Exercise details >> Each entry is to be reproduced verbatim, and images are to be omitted.

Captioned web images

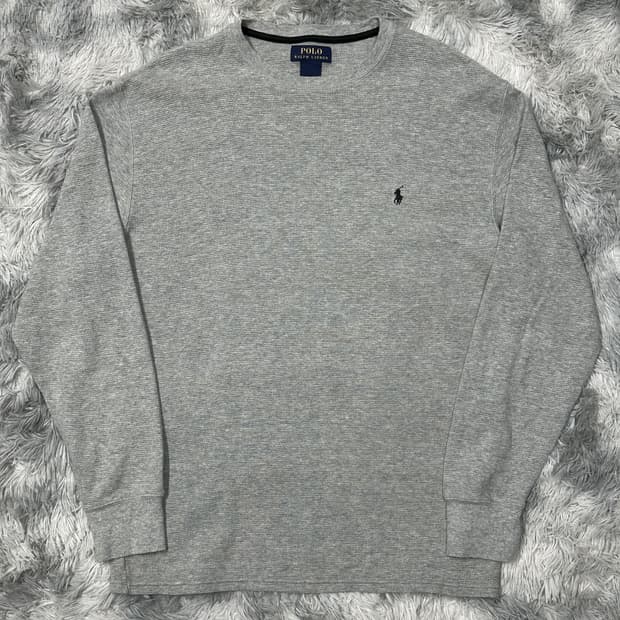 폴로랄프로렌 와플 롱슬리브 회색 L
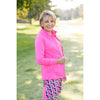 Birdies and Bows Front Nine Full Zip Jacket  - Hot Pink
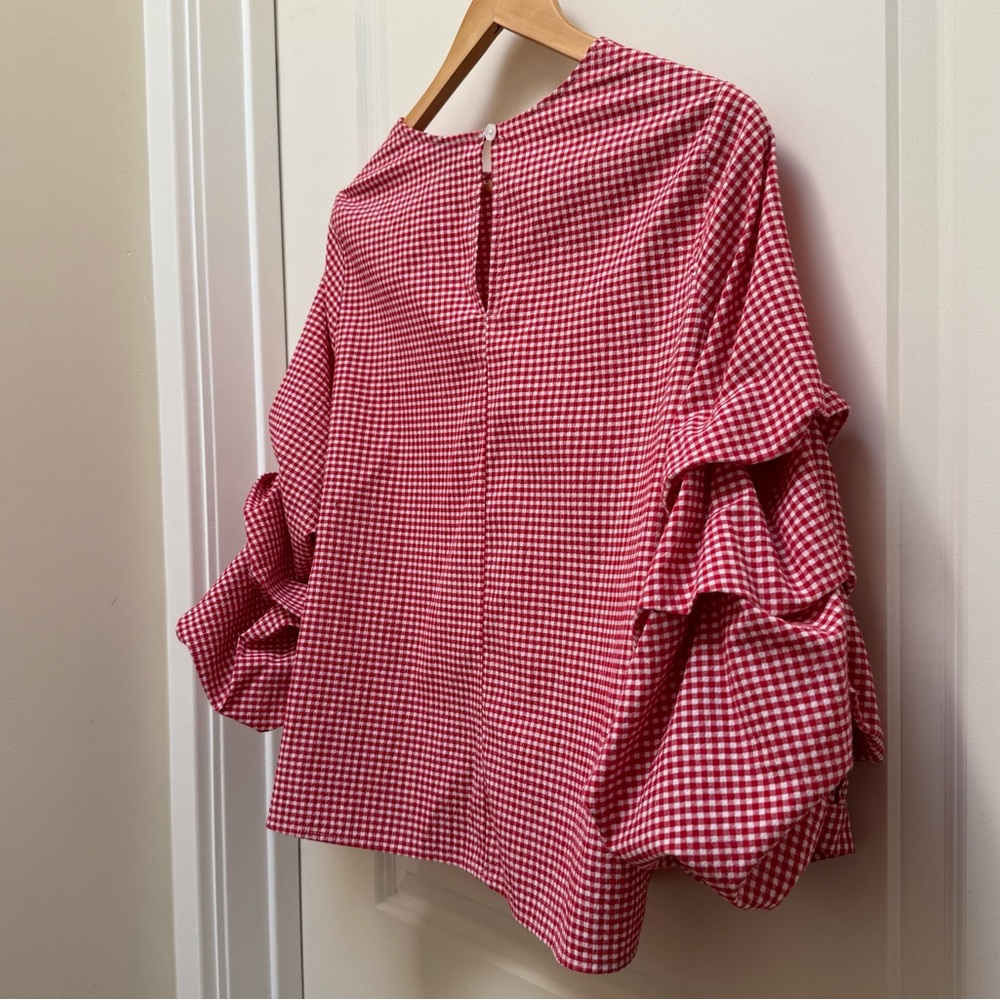 Who What Wear 3/4 Sleeve Gingham Blouse Size M - Picture 6 of 9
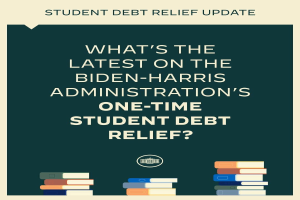 Ein Plakat mit der Aufschrift "Was gibt es Neues zum einmaligen Schuldenverzicht der Biden-Harris-Verwaltung?" oben und Büchern unten.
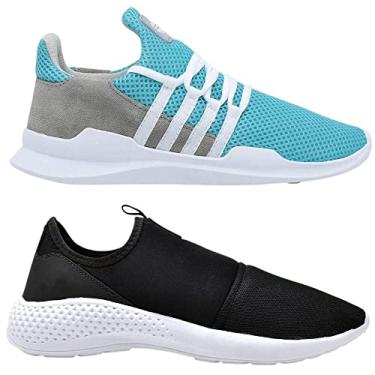 Imagem de Kit 2 Sapatilha Tênis Caminhada Corrida Academia Leve Macio Confortável - 44 - Azul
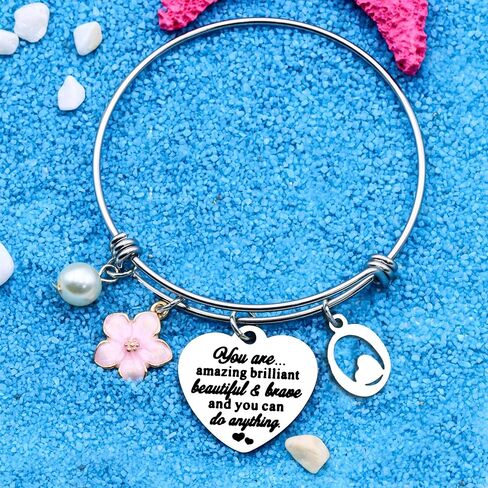 Inspirtional Bracelet Gift,Funny 26 Letter Initial A-Z Silver Heart Dangle Bangle For Women Lady Daughter Mom Sisters Friends Colleague Birthday Christmas Reminder Jewelry in Kuwait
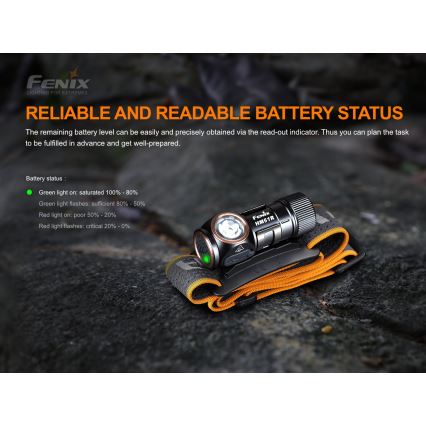 Fenix HM51RV20 - LED Rechargeable headlamp 3xLED/1xCR123A IP68 700 lm 120 hrs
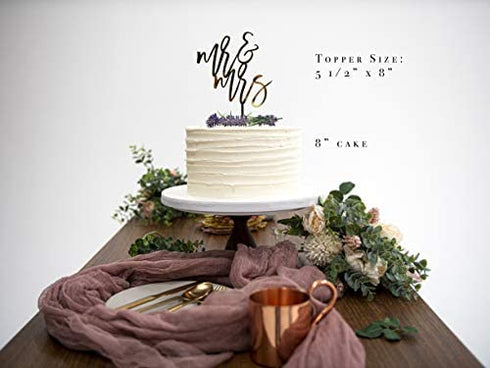 LS Designs Mr & Mrs Cake Topper - Gold Acrylic, 5.5 Inches x 8 Inches - Wedding Occasion...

Answer space >>
 폴로랄프로렌 와플 롱슬리브 회색 L
 Birdies and Bows Front Nine Full Zip Jacket  - Hot Pink
 Who What Wear 3/4 Sleeve Gingham Blouse Size M - Picture 6 of 9
 Ein Plakat mit der Aufschrift "Was gibt es Neues zum einmaligen Schuldenverzicht der Biden-Harris-Verwaltung?" oben und Büchern unten.
 Imagem de Kit 2 Sapatilha Tênis Caminhada Corrida Academia Leve Macio Confortável - 44 - Azul
 Inspirtional Bracelet Gift,Funny 26 Letter Initial A-Z Silver Heart Dangle Bangle For Women Lady Daughter Mom Sisters Friends Colleague Birthday Christmas Reminder Jewelry in Kuwait
 Fenix HM51RV20 - LED Rechargeable headlamp 3xLED/1xCR123A IP68 700 lm 120 hrs
 LS Designs Mr & Mrs Cake Topper - Gold Acrylic, 5.5 Inches x 8 Inches - Wedding Occasion...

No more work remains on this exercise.